EXERCISE BRIEF: Set down every line of the data, unchanged and complete.

AVAILABLE DATA:
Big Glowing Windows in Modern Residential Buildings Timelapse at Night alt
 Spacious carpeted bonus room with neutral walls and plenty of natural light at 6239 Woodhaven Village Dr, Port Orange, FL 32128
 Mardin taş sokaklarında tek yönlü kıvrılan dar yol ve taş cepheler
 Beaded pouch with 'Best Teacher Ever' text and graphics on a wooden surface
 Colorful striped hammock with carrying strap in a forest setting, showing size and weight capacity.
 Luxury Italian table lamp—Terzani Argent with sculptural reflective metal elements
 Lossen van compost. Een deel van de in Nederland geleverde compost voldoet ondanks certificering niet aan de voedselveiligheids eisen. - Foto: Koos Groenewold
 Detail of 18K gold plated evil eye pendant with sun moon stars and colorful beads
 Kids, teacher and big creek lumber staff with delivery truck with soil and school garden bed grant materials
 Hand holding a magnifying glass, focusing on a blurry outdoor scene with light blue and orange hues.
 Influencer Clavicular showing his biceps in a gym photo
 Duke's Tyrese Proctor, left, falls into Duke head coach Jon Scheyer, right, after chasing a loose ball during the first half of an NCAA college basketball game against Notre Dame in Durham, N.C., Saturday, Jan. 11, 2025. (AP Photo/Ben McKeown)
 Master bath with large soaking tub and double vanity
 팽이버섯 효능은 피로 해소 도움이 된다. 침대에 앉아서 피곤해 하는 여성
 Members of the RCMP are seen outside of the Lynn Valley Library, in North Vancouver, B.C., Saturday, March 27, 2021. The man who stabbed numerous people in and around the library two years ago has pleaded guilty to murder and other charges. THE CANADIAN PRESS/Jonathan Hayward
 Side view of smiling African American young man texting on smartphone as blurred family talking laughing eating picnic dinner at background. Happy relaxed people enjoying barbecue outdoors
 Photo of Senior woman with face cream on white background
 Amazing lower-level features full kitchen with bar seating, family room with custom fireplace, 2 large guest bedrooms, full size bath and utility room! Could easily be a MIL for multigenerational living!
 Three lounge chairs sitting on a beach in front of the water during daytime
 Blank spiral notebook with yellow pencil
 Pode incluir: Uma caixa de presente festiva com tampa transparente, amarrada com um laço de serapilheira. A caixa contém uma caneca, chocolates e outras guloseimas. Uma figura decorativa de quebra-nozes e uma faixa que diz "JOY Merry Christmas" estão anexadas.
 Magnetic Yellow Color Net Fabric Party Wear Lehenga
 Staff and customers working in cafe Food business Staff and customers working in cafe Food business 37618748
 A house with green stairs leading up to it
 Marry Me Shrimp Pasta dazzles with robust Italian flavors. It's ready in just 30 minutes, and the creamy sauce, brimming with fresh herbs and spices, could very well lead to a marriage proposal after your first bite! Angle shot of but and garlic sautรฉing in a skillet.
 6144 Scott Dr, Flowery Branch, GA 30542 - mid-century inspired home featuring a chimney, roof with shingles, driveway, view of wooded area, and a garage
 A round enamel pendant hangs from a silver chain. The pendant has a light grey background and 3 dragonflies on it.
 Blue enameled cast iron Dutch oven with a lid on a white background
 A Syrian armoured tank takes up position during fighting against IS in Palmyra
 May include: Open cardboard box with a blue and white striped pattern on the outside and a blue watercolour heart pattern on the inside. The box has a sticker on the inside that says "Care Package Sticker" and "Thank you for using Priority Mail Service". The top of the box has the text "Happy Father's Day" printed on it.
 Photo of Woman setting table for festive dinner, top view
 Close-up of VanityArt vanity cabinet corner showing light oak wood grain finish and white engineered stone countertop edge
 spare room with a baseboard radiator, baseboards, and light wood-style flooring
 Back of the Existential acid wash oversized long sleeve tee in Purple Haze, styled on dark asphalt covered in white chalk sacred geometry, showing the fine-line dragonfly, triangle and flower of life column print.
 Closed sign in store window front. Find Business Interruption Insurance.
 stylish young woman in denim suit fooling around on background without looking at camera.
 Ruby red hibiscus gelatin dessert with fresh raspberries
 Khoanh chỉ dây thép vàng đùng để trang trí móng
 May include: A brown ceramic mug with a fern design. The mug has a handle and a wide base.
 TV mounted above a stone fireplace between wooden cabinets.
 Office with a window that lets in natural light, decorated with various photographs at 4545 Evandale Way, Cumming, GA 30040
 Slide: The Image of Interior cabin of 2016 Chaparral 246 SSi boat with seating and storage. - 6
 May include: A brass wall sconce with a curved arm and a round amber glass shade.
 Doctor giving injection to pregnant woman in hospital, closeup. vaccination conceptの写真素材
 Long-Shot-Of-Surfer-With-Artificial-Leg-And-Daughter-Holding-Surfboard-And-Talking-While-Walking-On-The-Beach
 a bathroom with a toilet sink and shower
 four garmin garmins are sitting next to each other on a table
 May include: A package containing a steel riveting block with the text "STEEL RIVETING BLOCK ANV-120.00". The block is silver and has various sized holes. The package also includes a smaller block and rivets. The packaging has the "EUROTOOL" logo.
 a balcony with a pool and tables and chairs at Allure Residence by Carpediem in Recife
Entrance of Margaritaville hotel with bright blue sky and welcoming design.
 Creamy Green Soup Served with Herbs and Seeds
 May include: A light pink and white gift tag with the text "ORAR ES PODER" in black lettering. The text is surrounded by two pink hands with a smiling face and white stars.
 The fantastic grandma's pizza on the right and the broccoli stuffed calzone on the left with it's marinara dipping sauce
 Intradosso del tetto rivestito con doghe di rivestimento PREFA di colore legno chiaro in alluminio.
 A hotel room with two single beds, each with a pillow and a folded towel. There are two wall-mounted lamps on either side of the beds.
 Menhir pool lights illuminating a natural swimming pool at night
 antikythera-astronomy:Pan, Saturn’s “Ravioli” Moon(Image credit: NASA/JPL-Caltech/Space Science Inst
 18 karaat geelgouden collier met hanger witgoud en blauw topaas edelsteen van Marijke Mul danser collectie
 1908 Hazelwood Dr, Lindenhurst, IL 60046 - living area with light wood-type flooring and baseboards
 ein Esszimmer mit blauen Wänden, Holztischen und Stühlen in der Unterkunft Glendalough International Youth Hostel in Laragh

SOLVED PROBLEM:
Big Glowing Windows in Modern Residential Buildings Timelapse at Night alt
 Spacious carpeted bonus room with neutral walls and plenty of natural light at 6239 Woodhaven Village Dr, Port Orange, FL 32128
 Mardin taş sokaklarında tek yönlü kıvrılan dar yol ve taş cepheler
 Beaded pouch with 'Best Teacher Ever' text and graphics on a wooden surface
 Colorful striped hammock with carrying strap in a forest setting, showing size and weight capacity.
 Luxury Italian table lamp—Terzani Argent with sculptural reflective metal elements
 Lossen van compost. Een deel van de in Nederland geleverde compost voldoet ondanks certificering niet aan de voedselveiligheids eisen. - Foto: Koos Groenewold
 Detail of 18K gold plated evil eye pendant with sun moon stars and colorful beads
 Kids, teacher and big creek lumber staff with delivery truck with soil and school garden bed grant materials
 Hand holding a magnifying glass, focusing on a blurry outdoor scene with light blue and orange hues.
 Influencer Clavicular showing his biceps in a gym photo
 Duke's Tyrese Proctor, left, falls into Duke head coach Jon Scheyer, right, after chasing a loose ball during the first half of an NCAA college basketball game against Notre Dame in Durham, N.C., Saturday, Jan. 11, 2025. (AP Photo/Ben McKeown)
 Master bath with large soaking tub and double vanity
 팽이버섯 효능은 피로 해소 도움이 된다. 침대에 앉아서 피곤해 하는 여성
 Members of the RCMP are seen outside of the Lynn Valley Library, in North Vancouver, B.C., Saturday, March 27, 2021. The man who stabbed numerous people in and around the library two years ago has pleaded guilty to murder and other charges. THE CANADIAN PRESS/Jonathan Hayward
 Side view of smiling African American young man texting on smartphone as blurred family talking laughing eating picnic dinner at background. Happy relaxed people enjoying barbecue outdoors
 Photo of Senior woman with face cream on white background
 Amazing lower-level features full kitchen with bar seating, family room with custom fireplace, 2 large guest bedrooms, full size bath and utility room! Could easily be a MIL for multigenerational living!
 Three lounge chairs sitting on a beach in front of the water during daytime
 Blank spiral notebook with yellow pencil
 Pode incluir: Uma caixa de presente festiva com tampa transparente, amarrada com um laço de serapilheira. A caixa contém uma caneca, chocolates e outras guloseimas. Uma figura decorativa de quebra-nozes e uma faixa que diz "JOY Merry Christmas" estão anexadas.
 Magnetic Yellow Color Net Fabric Party Wear Lehenga
 Staff and customers working in cafe Food business Staff and customers working in cafe Food business 37618748
 A house with green stairs leading up to it
 Marry Me Shrimp Pasta dazzles with robust Italian flavors. It's ready in just 30 minutes, and the creamy sauce, brimming with fresh herbs and spices, could very well lead to a marriage proposal after your first bite! Angle shot of but and garlic sautรฉing in a skillet.
 6144 Scott Dr, Flowery Branch, GA 30542 - mid-century inspired home featuring a chimney, roof with shingles, driveway, view of wooded area, and a garage
 A round enamel pendant hangs from a silver chain. The pendant has a light grey background and 3 dragonflies on it.
 Blue enameled cast iron Dutch oven with a lid on a white background
 A Syrian armoured tank takes up position during fighting against IS in Palmyra
 May include: Open cardboard box with a blue and white striped pattern on the outside and a blue watercolour heart pattern on the inside. The box has a sticker on the inside that says "Care Package Sticker" and "Thank you for using Priority Mail Service". The top of the box has the text "Happy Father's Day" printed on it.
 Photo of Woman setting table for festive dinner, top view
 Close-up of VanityArt vanity cabinet corner showing light oak wood grain finish and white engineered stone countertop edge
 spare room with a baseboard radiator, baseboards, and light wood-style flooring
 Back of the Existential acid wash oversized long sleeve tee in Purple Haze, styled on dark asphalt covered in white chalk sacred geometry, showing the fine-line dragonfly, triangle and flower of life column print.
 Closed sign in store window front. Find Business Interruption Insurance.
 stylish young woman in denim suit fooling around on background without looking at camera.
 Ruby red hibiscus gelatin dessert with fresh raspberries
 Khoanh chỉ dây thép vàng đùng để trang trí móng
 May include: A brown ceramic mug with a fern design. The mug has a handle and a wide base.
 TV mounted above a stone fireplace between wooden cabinets.
 Office with a window that lets in natural light, decorated with various photographs at 4545 Evandale Way, Cumming, GA 30040
 Slide: The Image of Interior cabin of 2016 Chaparral 246 SSi boat with seating and storage. - 6
 May include: A brass wall sconce with a curved arm and a round amber glass shade.
 Doctor giving injection to pregnant woman in hospital, closeup. vaccination conceptの写真素材
 Long-Shot-Of-Surfer-With-Artificial-Leg-And-Daughter-Holding-Surfboard-And-Talking-While-Walking-On-The-Beach
 a bathroom with a toilet sink and shower
 four garmin garmins are sitting next to each other on a table
 May include: A package containing a steel riveting block with the text "STEEL RIVETING BLOCK ANV-120.00". The block is silver and has various sized holes. The package also includes a smaller block and rivets. The packaging has the "EUROTOOL" logo.
 a balcony with a pool and tables and chairs at Allure Residence by Carpediem in Recife
Entrance of Margaritaville hotel with bright blue sky and welcoming design.
 Creamy Green Soup Served with Herbs and Seeds
 May include: A light pink and white gift tag with the text "ORAR ES PODER" in black lettering. The text is surrounded by two pink hands with a smiling face and white stars.
 The fantastic grandma's pizza on the right and the broccoli stuffed calzone on the left with it's marinara dipping sauce
 Intradosso del tetto rivestito con doghe di rivestimento PREFA di colore legno chiaro in alluminio.
 A hotel room with two single beds, each with a pillow and a folded towel. There are two wall-mounted lamps on either side of the beds.
 Menhir pool lights illuminating a natural swimming pool at night
 antikythera-astronomy:Pan, Saturn’s “Ravioli” Moon(Image credit: NASA/JPL-Caltech/Space Science Inst
 18 karaat geelgouden collier met hanger witgoud en blauw topaas edelsteen van Marijke Mul danser collectie
 1908 Hazelwood Dr, Lindenhurst, IL 60046 - living area with light wood-type flooring and baseboards
 ein Esszimmer mit blauen Wänden, Holztischen und Stühlen in der Unterkunft Glendalough International Youth Hostel in Laragh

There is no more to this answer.